Salesforce did spell out some of its database story in a 2008 force.com white paper, which is good stuff, but potentially misleading in one important way. The paper tells of a level of abstraction, whereby what the application sees as logical “columns” are stored in a very different schema than one might assume. However, it doesn’t spell out a second level of abstraction, whereby that logical schema also isn’t how the database is actually laid out.

Another flaw in the paper is that it spins “We had to do this, to support multitenancy, so we did.” issues as “Because we’re multitenant, we can do this, while single-tenant systems can’t.” One example is the query optimization step around “user visibility” in Figure 11. Welcome to marketing.

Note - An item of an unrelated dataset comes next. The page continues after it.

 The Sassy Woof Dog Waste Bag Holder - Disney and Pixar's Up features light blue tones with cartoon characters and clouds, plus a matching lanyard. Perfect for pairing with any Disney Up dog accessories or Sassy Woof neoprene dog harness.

At the first level of abstraction, data seems to be kept mainly in a single wide table, with hundreds of columns. What’s more, many of those are “flex columns”; a flex column can hold data of many different kinds and even datatypes. Notwithstanding the second level of abstraction, I imagine the idea of stuffing different kinds of thing into the same column has something to do with the fact that Oracle’s physical limit on columns falls far short of the number of logical columns salesforce wants to use.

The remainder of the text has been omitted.